(Record extracts Opens)
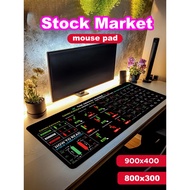 Chart Pattern Mouse Pad for Market Forex Bitcoin Trader Desk Pad Investor Candlestick Pattern Art Mo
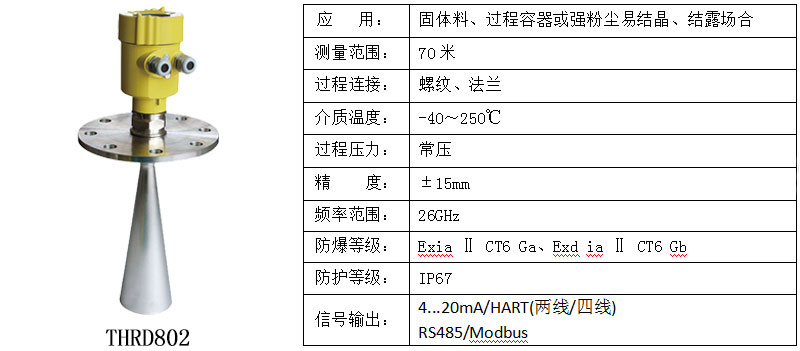技术参数2.jpg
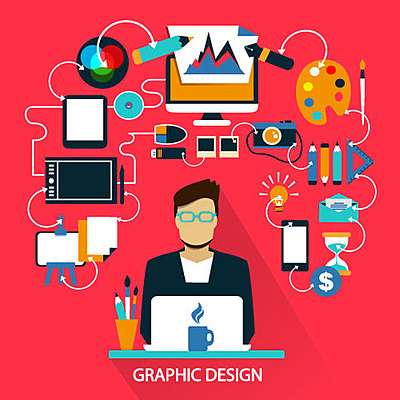 Timeline: Historia y evolución del diseño gráfico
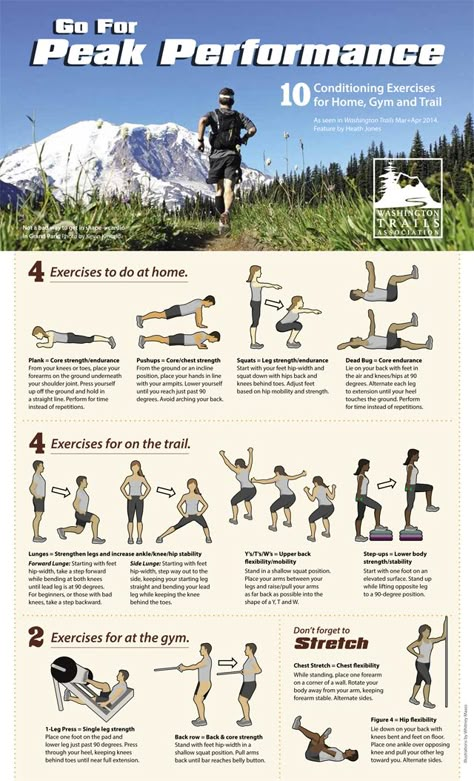 Conditioning For Hiking, Exercise For Hiking, Hiking Training Plan Workout, Hiking Exercises, Hike Training, Hiking Workout Training, Conditioning Exercises, Hiking Training, Hiking Workout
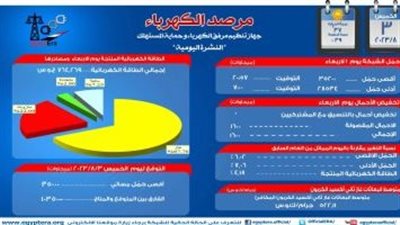 مرصد الكهرباء: 10 آلاف 350 ميجا وات احتياطى بالشبكة 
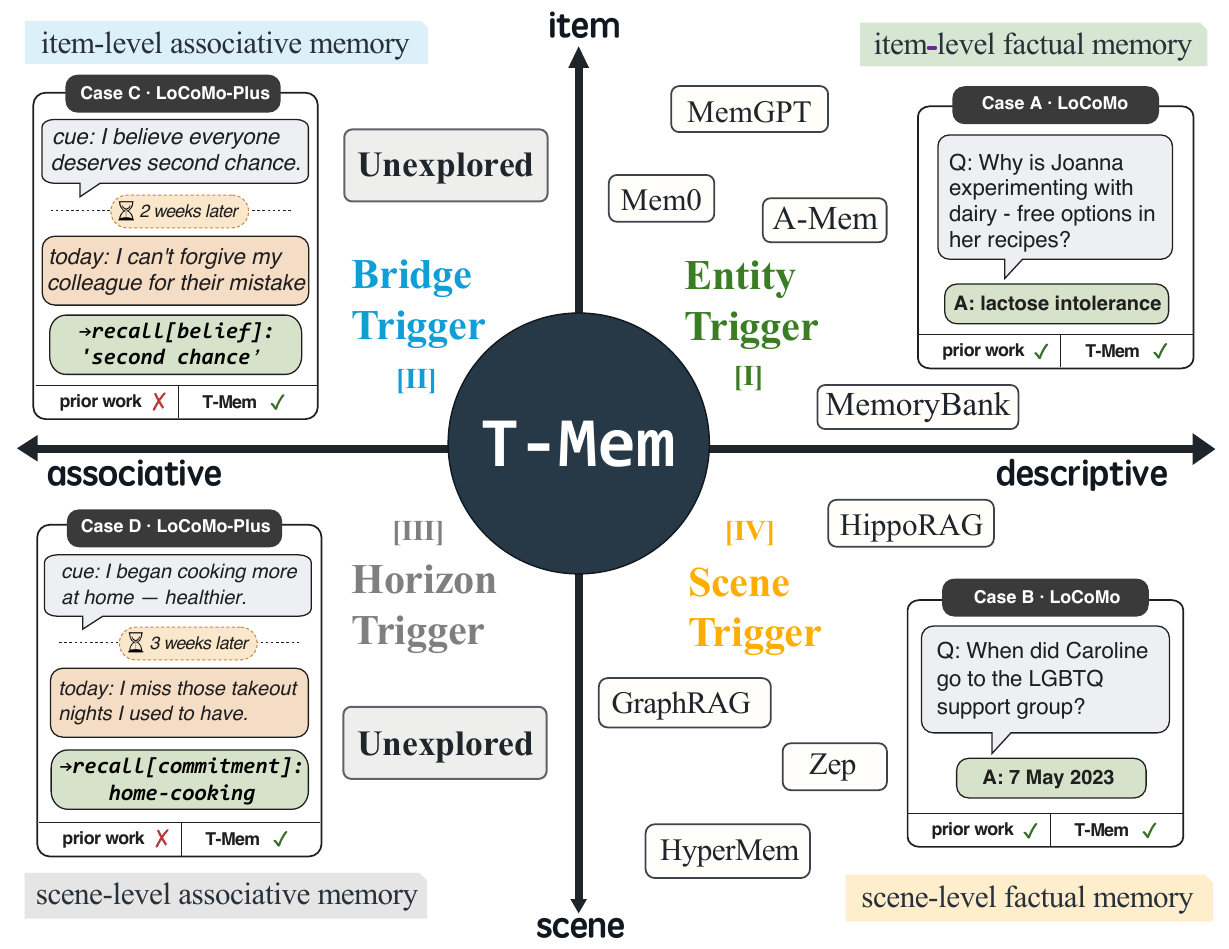 Four trigger families across item and scene granularity, and descriptive and associative orientation.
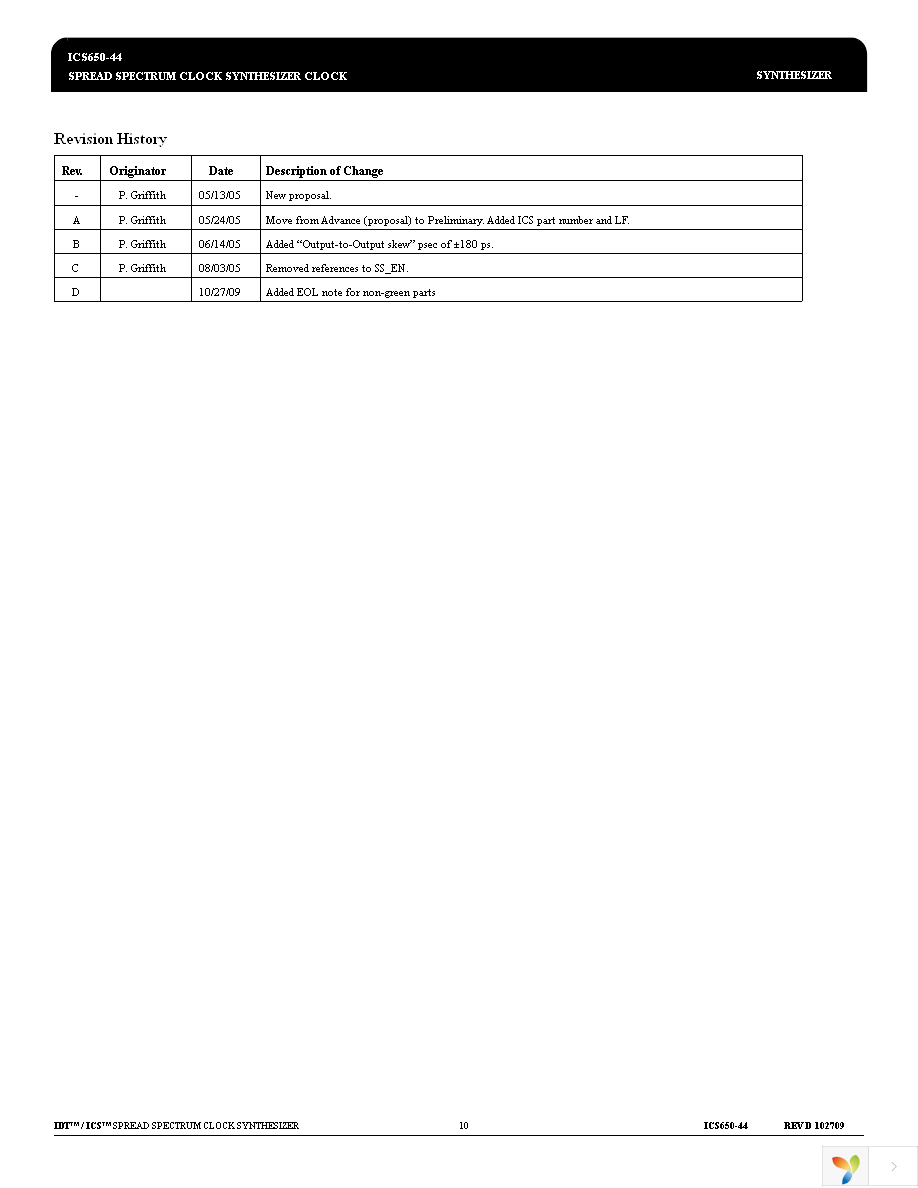 ICS650GI-44T Page 10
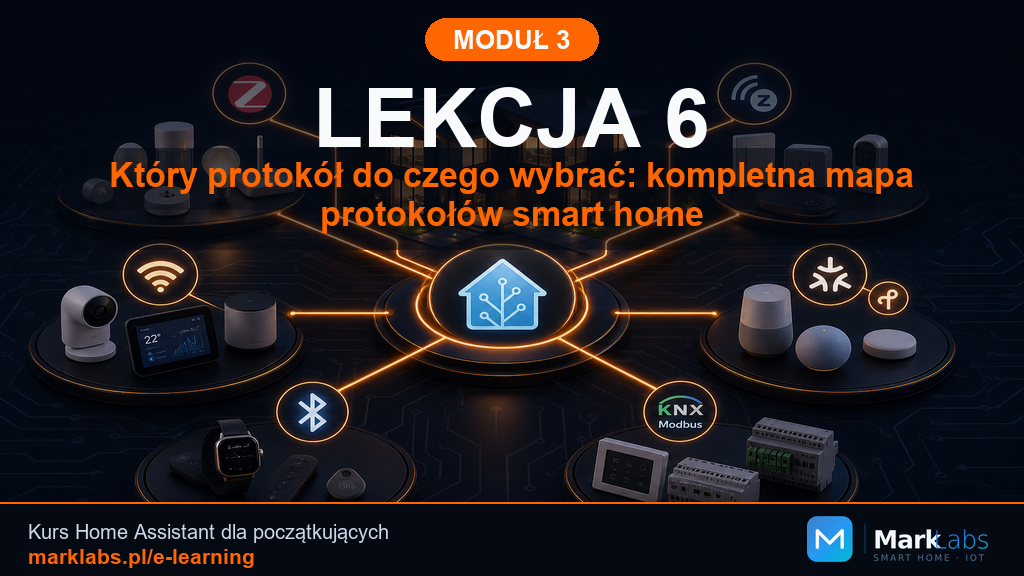 Który protokół do czego wybrać: kompletna mapa protokołów smart home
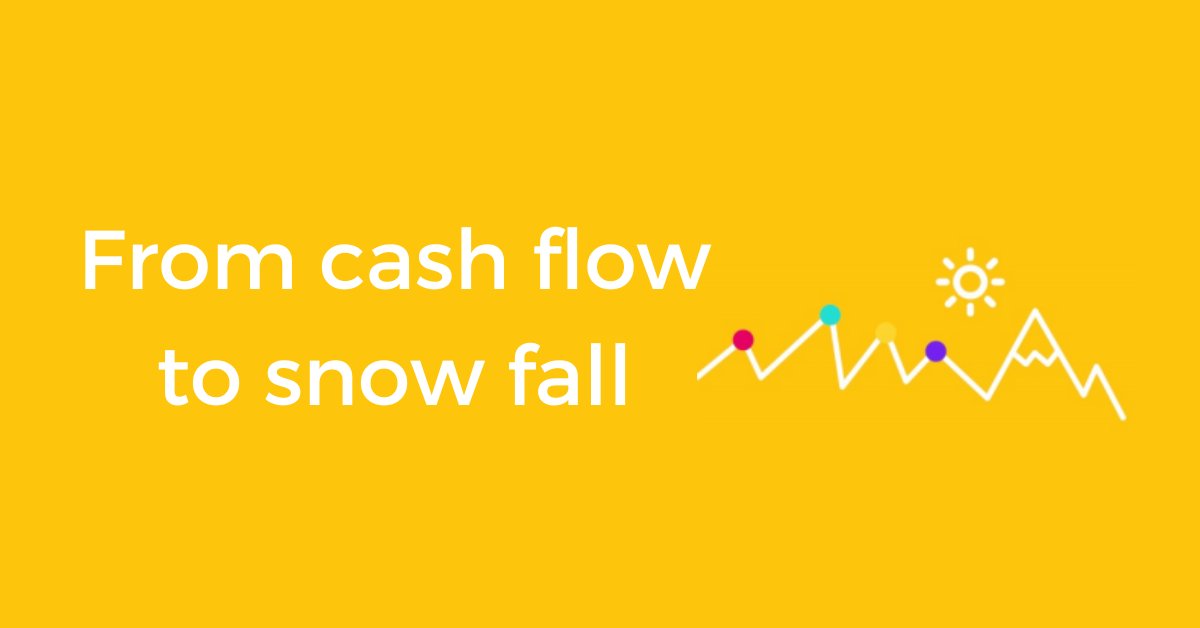 cfocentresa's tweet photo. What do you want your business to do for you? 

#snowfall #cashflow #business #entrepreneurship #cfoservices https://t.co/Cdy3gcZLb6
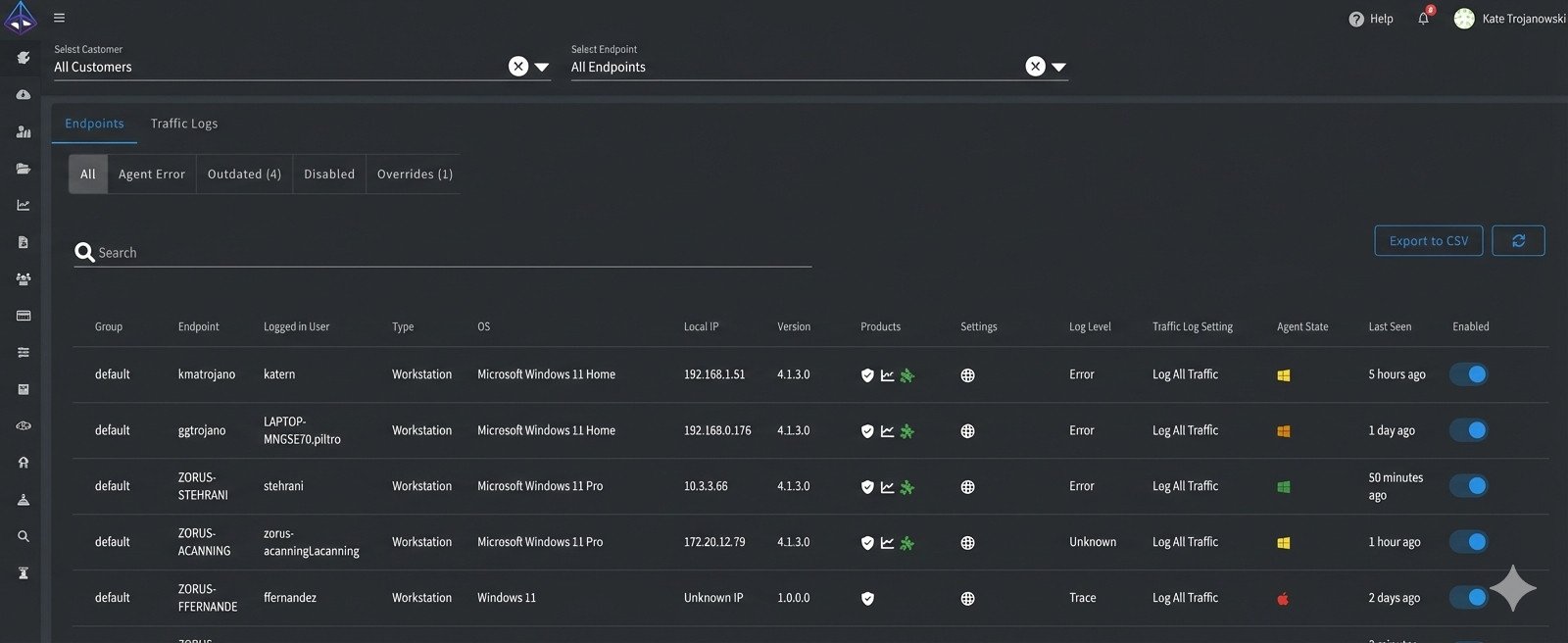 Spade Cyber Security - Zorus
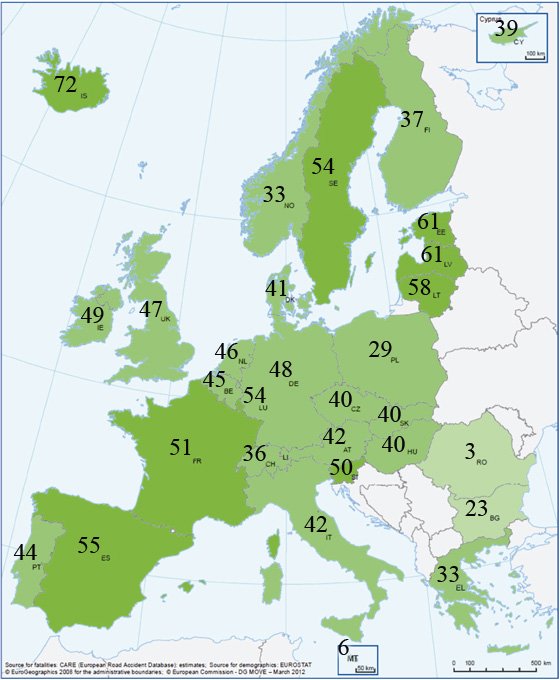 Miért halnak meg kevesebben az utakon? 17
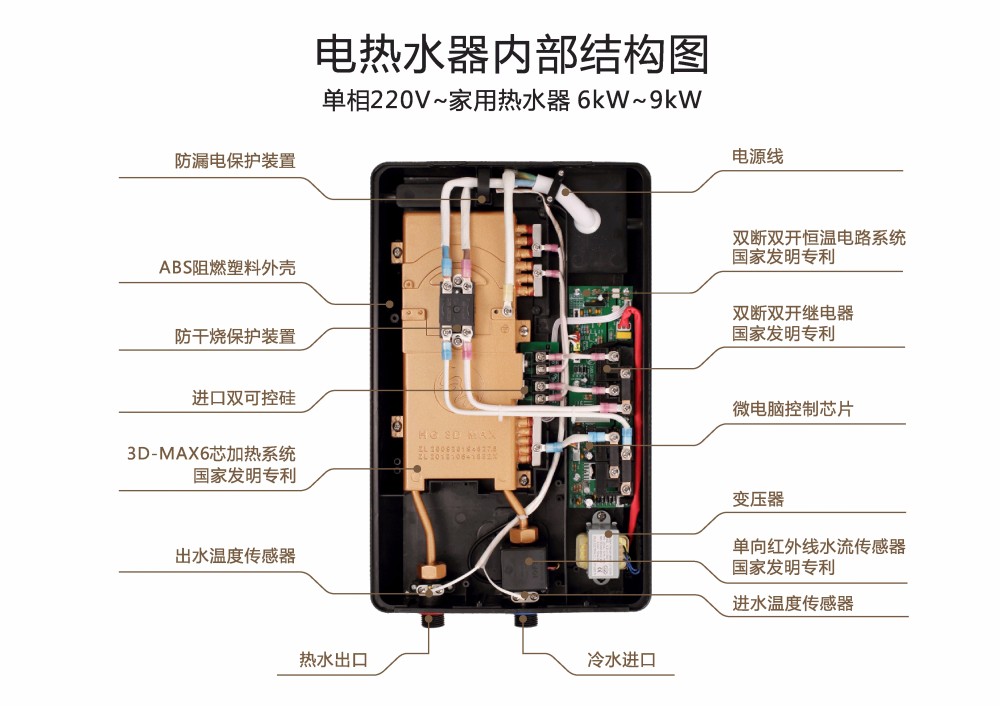 即热式电热水器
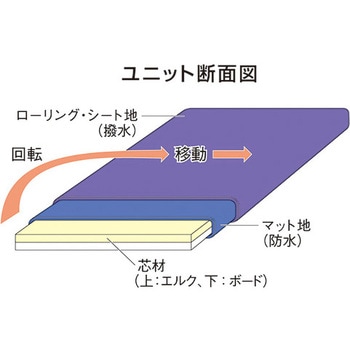 ラクラックス看護用移動シート&マット ナビス(navis) 移動補助用品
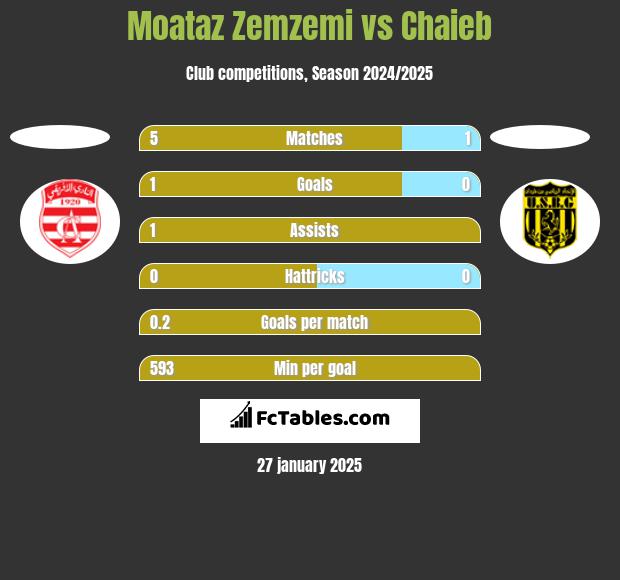 Moataz Zemzemi vs Chaieb h2h player stats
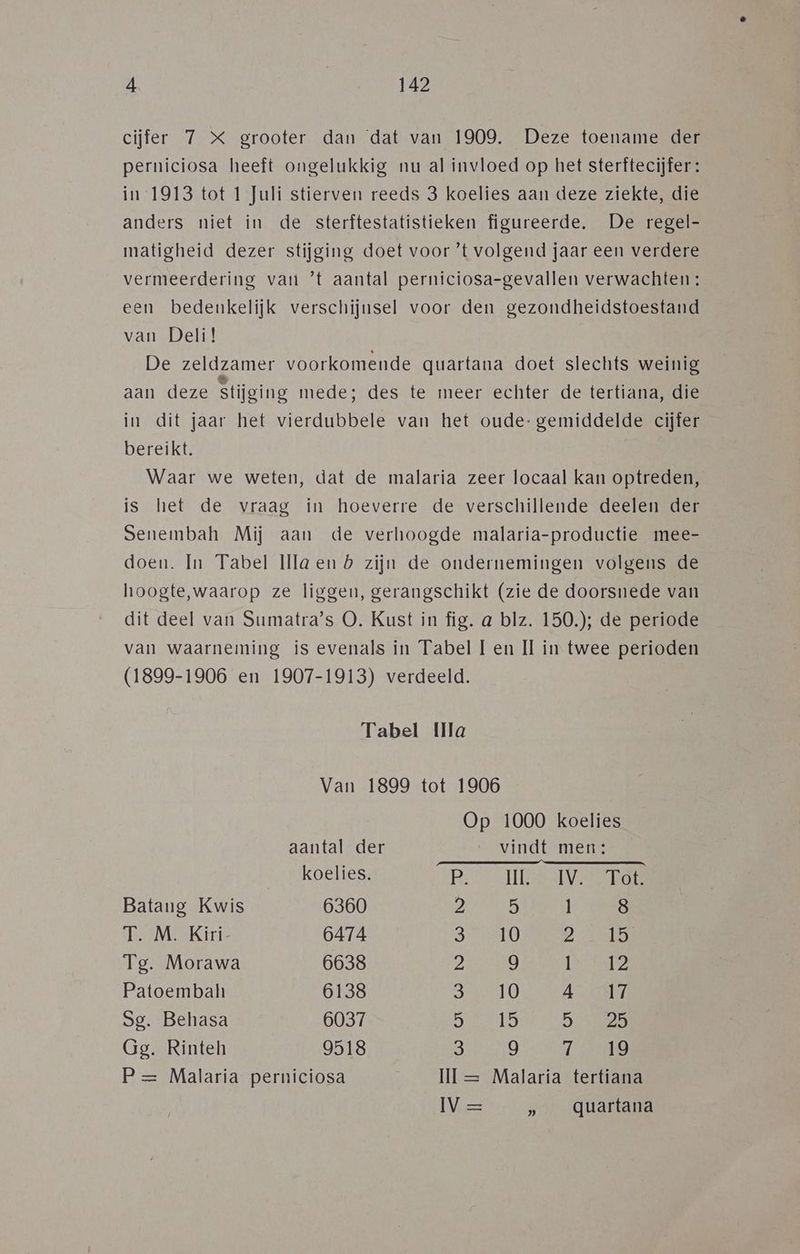 cijfer 7 X grooter dan dat van 1909. Deze toename der perniciosa heeft ongelukkig nu al invloed op het sterftecijfer: in 1913 tot 1 Juli stierven reeds 3 koelies aan deze ziekte, die anders niet in de sterftestatistieken figureerde, De regel- matigheid dezer stijging doet voor ’t volgend jaar een verdere vermeerdering van ’t aantal perniciosa-gevallen verwachten: een bedenkelijk verschijnsel voor den gezondheidstoestand van Deli! De zeldzamer voorkomende quartana doet slechts weinig aan deze Stijging mede; des te meer echter de tertiana, die in dit jaar het vierdubbele van het oude: gemiddelde cijfer bereikt. Waar we weten, dat de malaria zeer locaal kan optreden, is het de vraag in hoeverre de verschillende deelen der Senembah Mij aan de verhoogde malaria-productie mee- doen. In Tabel Illa en 5 zijn de ondernemingen volgens de hoogte,waarop ze liggen, gerangschikt (zie de doorsnede van dit deel van Sumatra’s O. Kust in fig. a blz. 150.); de periode van waarneming is evenals in Tabel Ien Il in twee perioden (1899-1906 en 1907-1913) verdeeld. Tabel [la Van 1899 tot 1906 Op 1000 koelies aantal der vindt men: __koelies. RV REE Batang Kwis 6360 2 5 | 8 T. M. Kiri- 6474 Sl) 2 ul Tg. Morawa 6638 2 9 sian Pe Patoembah 6138 Ot 0 A7 Sg. Behasa 6037 aal ke) DB Gg. Rinteh 9518 3 9 140 P = Malaria perniciosa II = Malaria tertiana [Vs „ _quartana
(Record extracts Closes)
What is expected: Give back exactly, and solely, the section of the data above bounded by the line containing "Spade Cyber Security - Zorus" and the line containing "Moataz Zemzemi vs Chaieb h2h player stats", both bounding lines included and pictures omitted.

Exercise response:
 Spade Cyber Security - Zorus
 Miért halnak meg kevesebben az utakon? 17
 即热式电热水器
 ラクラックス看護用移動シート&マット ナビス(navis) 移動補助用品
 Moataz Zemzemi vs Chaieb h2h player stats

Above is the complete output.